Hunter S. Thompson was a hacker of the first order. Not a hacker in technology terms, but a hacker none the less.
HST’s profession was journalism. Instead of choosing to follow the rules and trying to write the way people are taught in journalism school, he instead chose to hack the entire profession.
He threw out the rules and invented his own style of journalism, which he called “Gonzo Journalism”. His idea was to insert himself (as the journalist) into the middle of the story; to literally become part of the story. Then he related the story to the reader from a participant’s viewpoint.
Being in San Francisco in the 1960’s, he absorbed himself in the culture of that time and place — and that was reflected in a great deal of his work. But if you read beyond his most popular work (Fear & Loathing in Las Vegas), you find that his desire to literally reinvent journalism led to his doing a great deal of other brilliant work.

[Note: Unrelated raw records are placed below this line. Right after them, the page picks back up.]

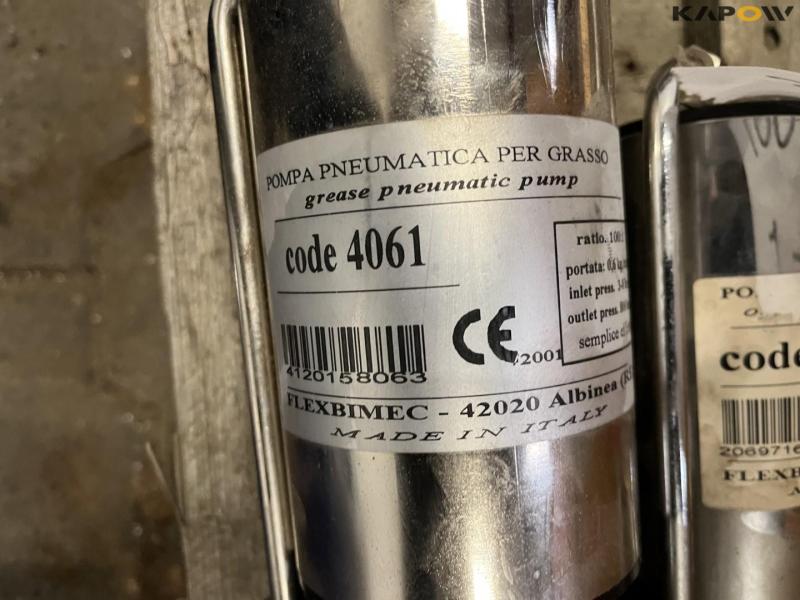 Pumps for oil and grease 18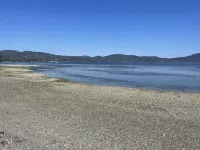 2 bedroom Oceanfront - Billing spit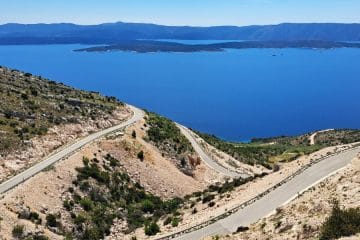 Radi kolesarite na dopustu? Potem so ti ovinki na Braču nalašč za vas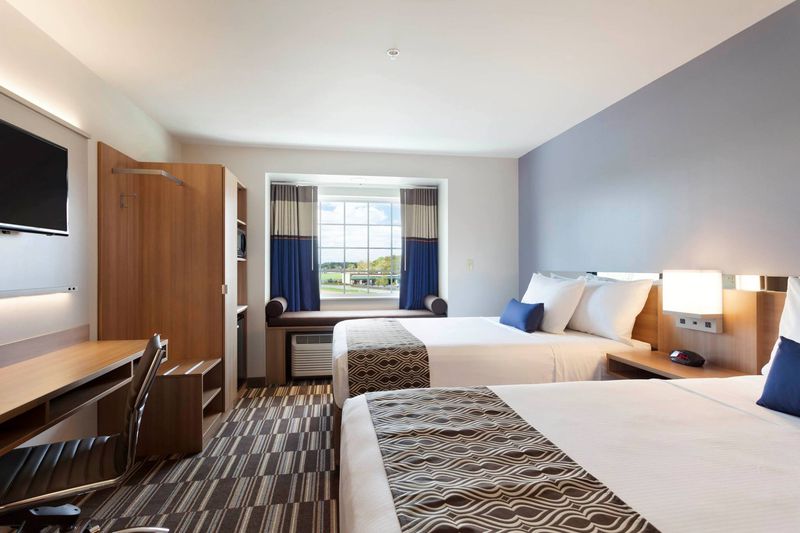 Cheap Hotels In Mompiche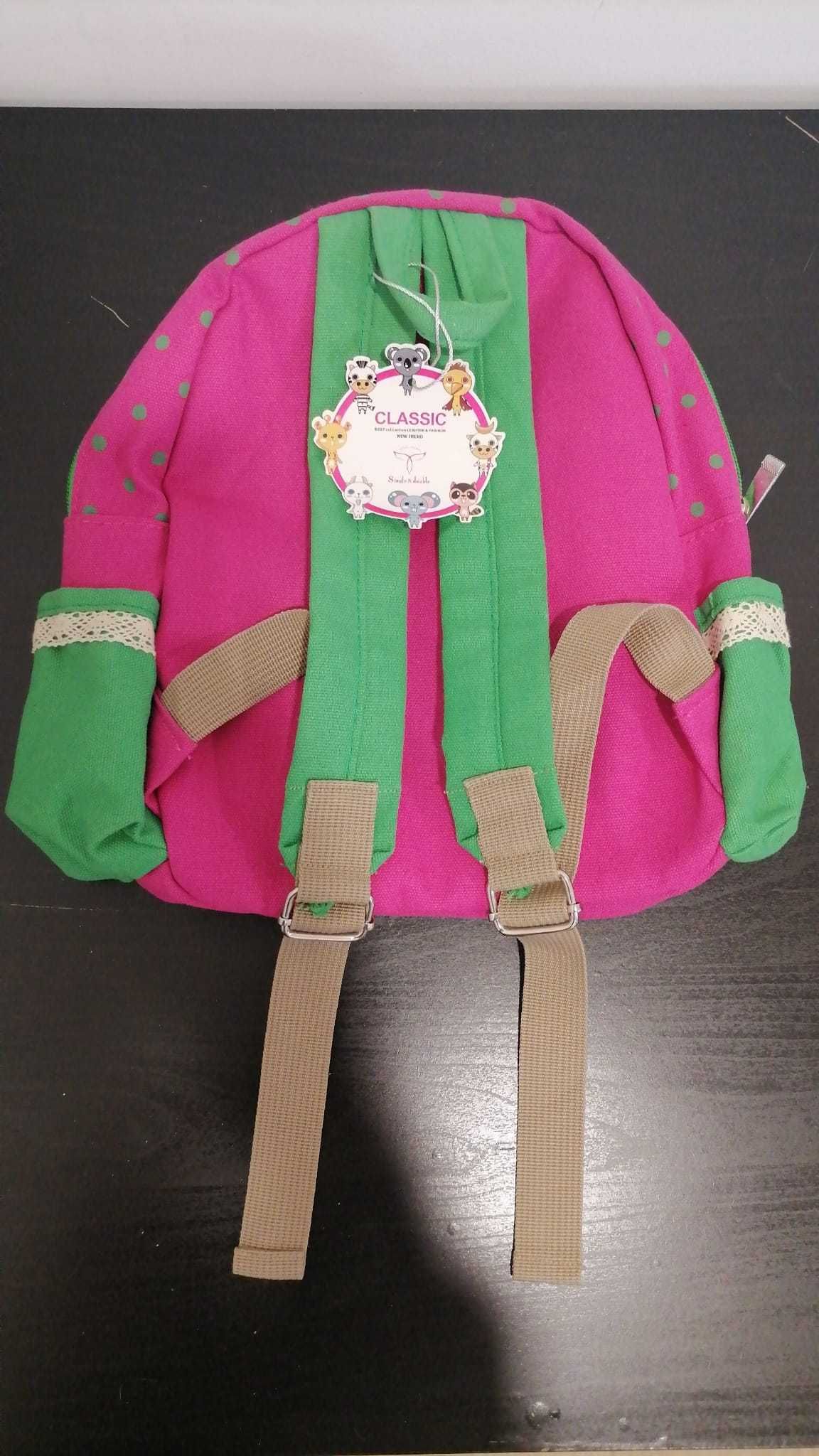 Mochila de menina 28cm - NOVA - Portes Incluídos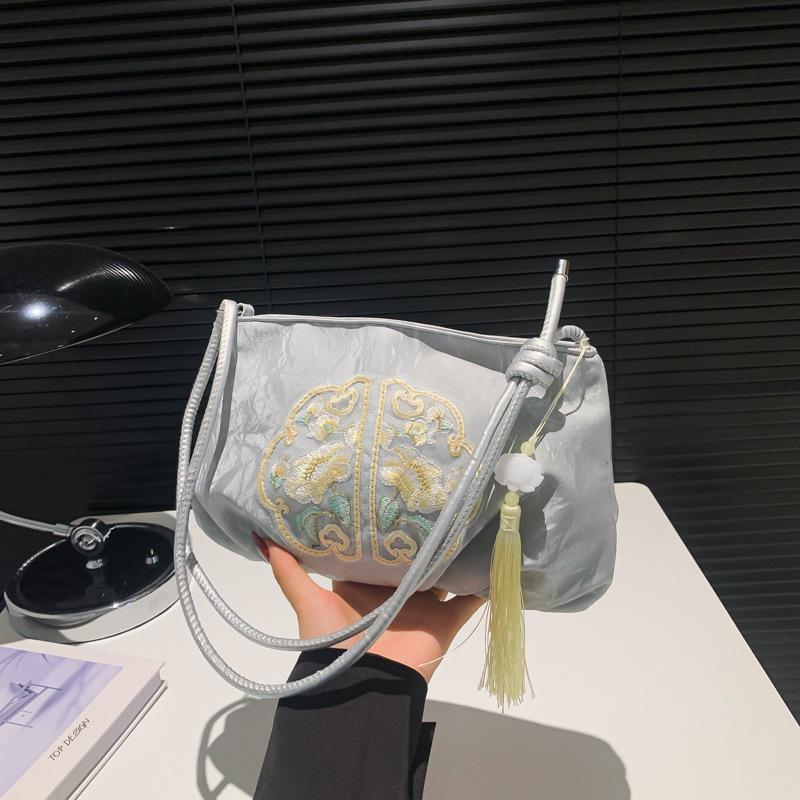 Type beaded bag women s 2025 summer foreign style versatile work shoulder messenger bag
Type beaded bag women s 2025 summer foreign style versatile work shoulder messenger bag
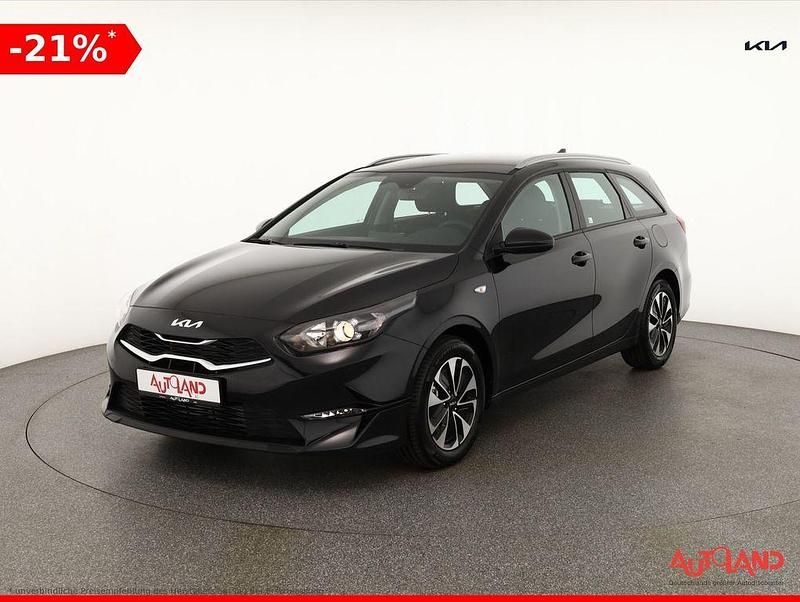 Grün Neu 2025 Kia Ceed Sportswagon Kombi | 24.785 € (Superpreis) - Bild 1/4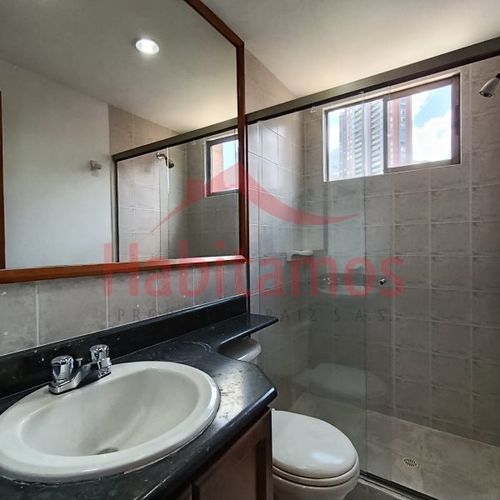 Apartamento de 3 alcobas en arriendo en El Tesoro, Medellín, 140 m² · foto 20 de 24
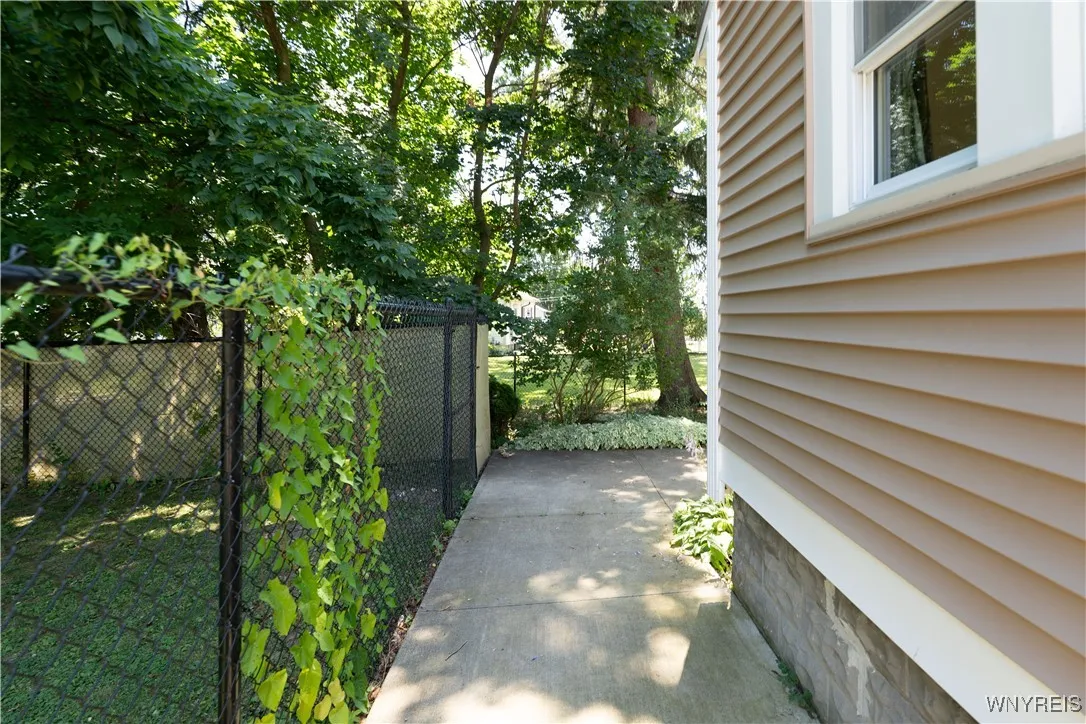 8 Jefferson Street, Attica, New York 14011, Attica, New York 14011, 5 Bedrooms Bedrooms, 10 Rooms Rooms,3 BathroomsBathrooms,Residential,For Sale,8 Jefferson Street, Attica, New York 14011,B1627759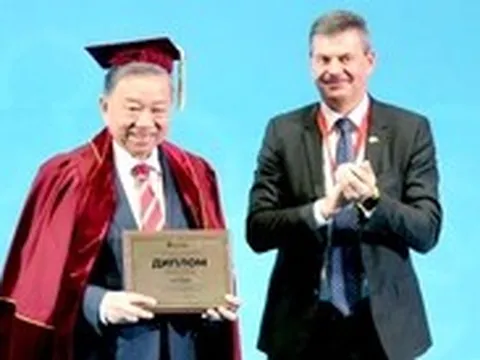 Tổng Bí thư Tô Lâm nhận danh hiệu Giáo sư danh dự của học viện trực thuộc Tổng thống Nga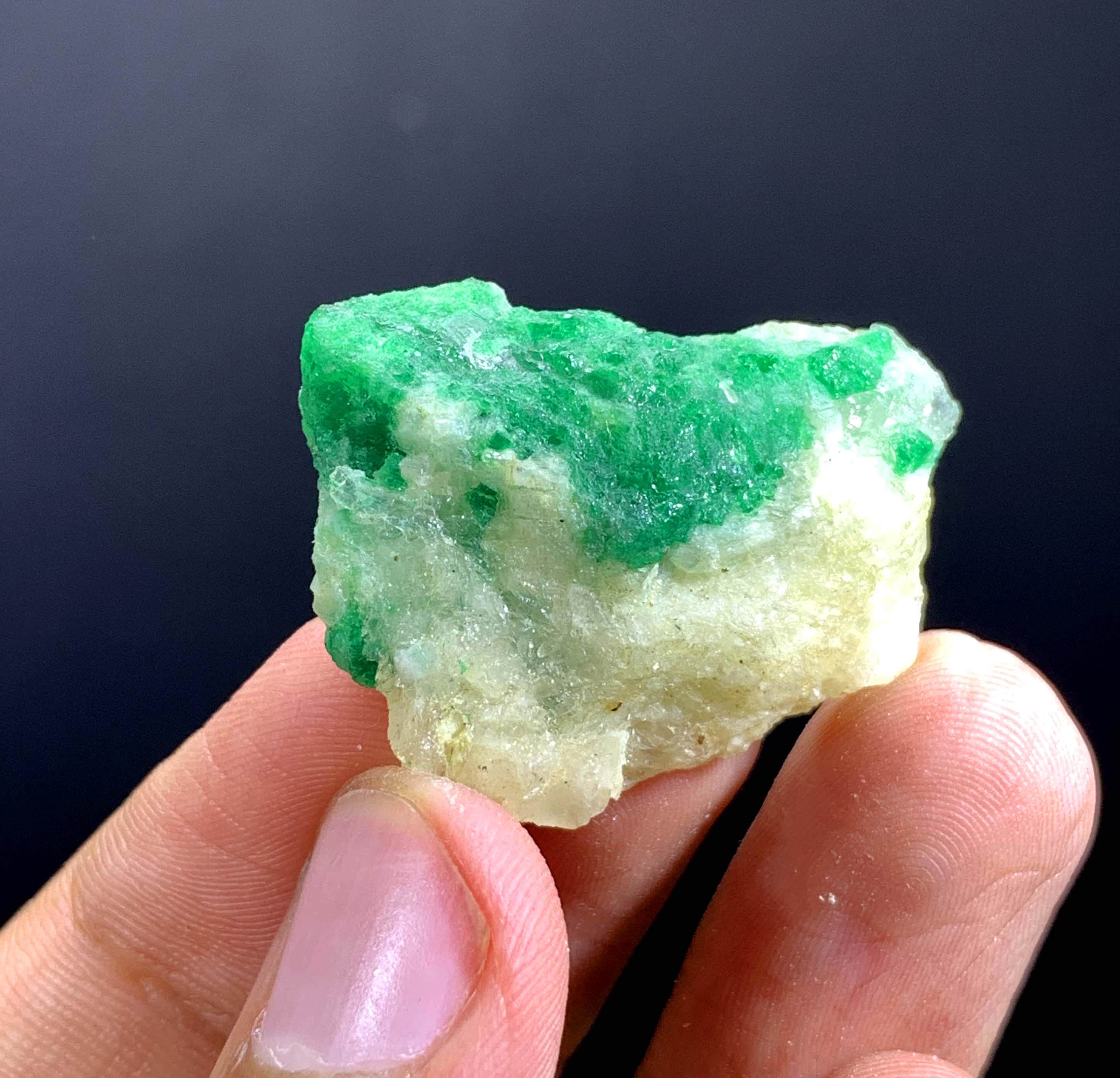 パキスタン産の天然グリーンエメラルド結晶（母岩付き） - 35.00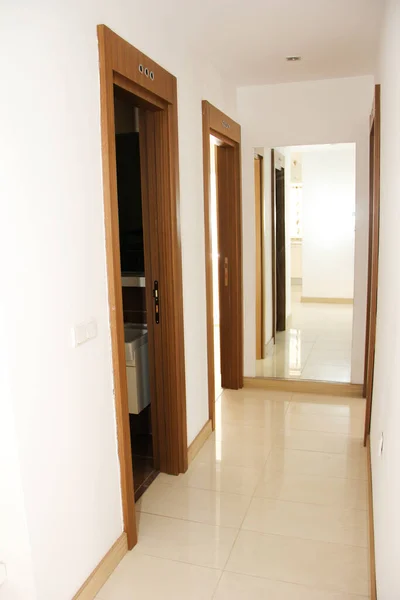 Interior Design Corridor Apartment White Walls Brown Doors — Stock Photo, Image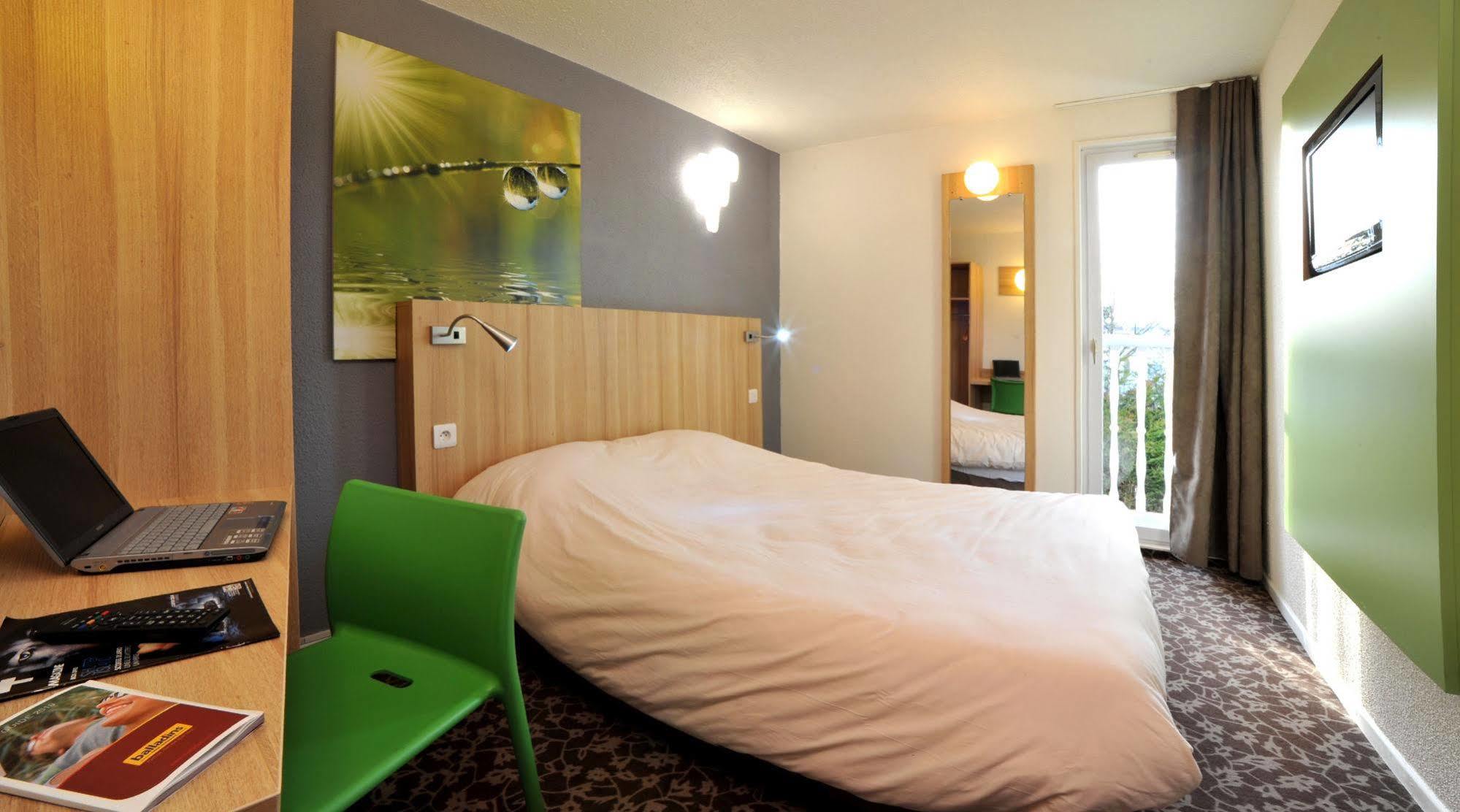 Enzo Hotels Trappes By Kyriad Direct المظهر الخارجي الصورة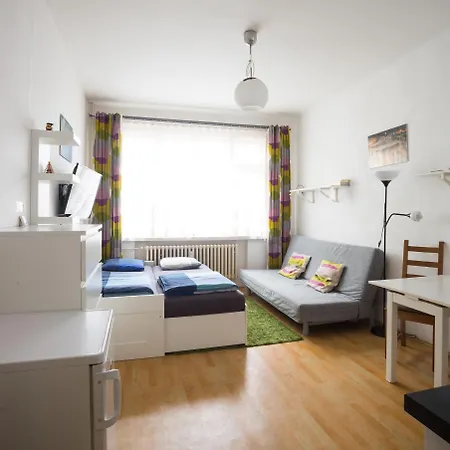 Nice Apartment By The Center-3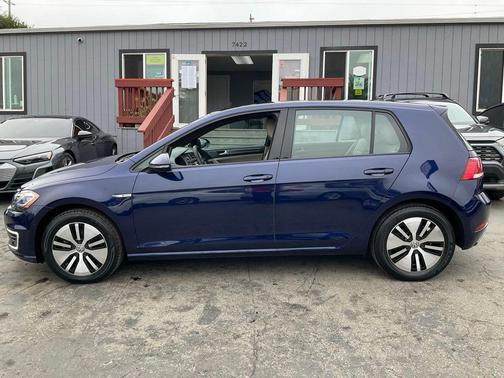 Atlantic Blue Metallic 2019 Volkswagen e-Golf SEL Premium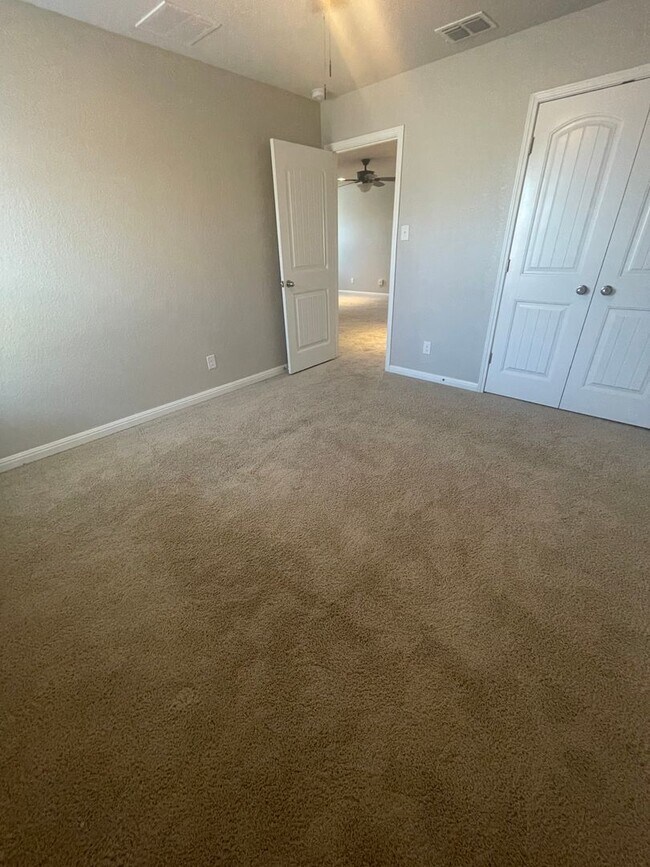 Building Photo - 22427 Carriage Bush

Like the time, for example, that he paid someone to take him on a boat to a smuggler’s village on a remote beach somewhere in South America. He waded ashore — not speaking a word of the local language — with a few belongings and his heavy typewriter and got a great story. He noted that, even though they lived in a remote village, they all wore rolex’s and had top of the line scotch and rum (spoils of their smuggler’s lifestyle). He spent time with them and got to the heart of the story; for some reason they spared his life and let him go.
He didn’t like the way journalism was being worked, so he hacked the rules and made journalism work the way he wanted it to.
To steal a quote from Fear and Loathing in Las Vegas (via Nat Friedman’s post today):
“There he goes. One of God’s own prototypes. Some kind of high powered mutant never even considered for mass production. Too weird to live, and too rare to die.”